1
Identify both parties with full legal names
Enter the registrar's complete registered legal entity name and the registrant's full legal name — individual or incorporated entity — exactly as it appears on government records. Do not use trade names, brand names, or shortened versions.
💡 For agency-to-client registrations, confirm the client's legal entity name in writing before completing this section — disputes almost always start with a mismatch between brand name and registered entity.
2
Specify the exact domain name and registration term
Enter the full domain name including the TLD (e.g., example.com, example.co.uk) and the registration period in years. ICANN-compliant registrations run from 1 to 10 years.
💡 Register for 2–3 years minimum for a primary business domain — annual renewals increase the risk of lapse due to payment failure or contact detail changes.
3
Set WHOIS accuracy obligations and update timelines
Specify the number of days within which the registrant must update contact information after any change (30 days is the ICANN standard). Confirm that all WHOIS data submitted at signing is current and accurate.
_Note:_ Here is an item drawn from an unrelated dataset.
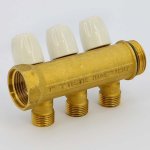 Коллектор Teimme латунный 1"x1/2" ВН 36мм с вентилями 3 выхода 1860042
💡 Attach a completed WHOIS data sheet as an exhibit so there is a dated record of the contact details provided at the time of registration.
4
Configure renewal and auto-renewal terms
State the expiration date, the notice period for renewal reminders, whether auto-renewal is enabled by default, and the grace period duration. Confirm the payment method on file is valid through at least the next renewal date.
💡 Set renewal reminders at 90, 60, and 30 days before expiration — not just the ICANN-minimum 60-day notice — to catch payment failures before they cause a lapse.
5
Define transfer restrictions and EPP code process
State the 60-day ICANN transfer lock period, the registrant's right to request an EPP auth code after the lock expires, and the timeline within which the registrar will deliver it. Note any conditions under which transfers may be suspended.
💡 For agency-managed domains, include a clause obligating the agency to provide the EPP auth code to the client within 5 business days of project completion or contract termination.
6
Incorporate ICANN policies and UDRP by reference
Reference ICANN's current Registrar Accreditation Agreement, UDRP, and Uniform Rapid Suspension (URS) policies by citing the ICANN website URL and confirming the registrant agrees to be bound by them as amended.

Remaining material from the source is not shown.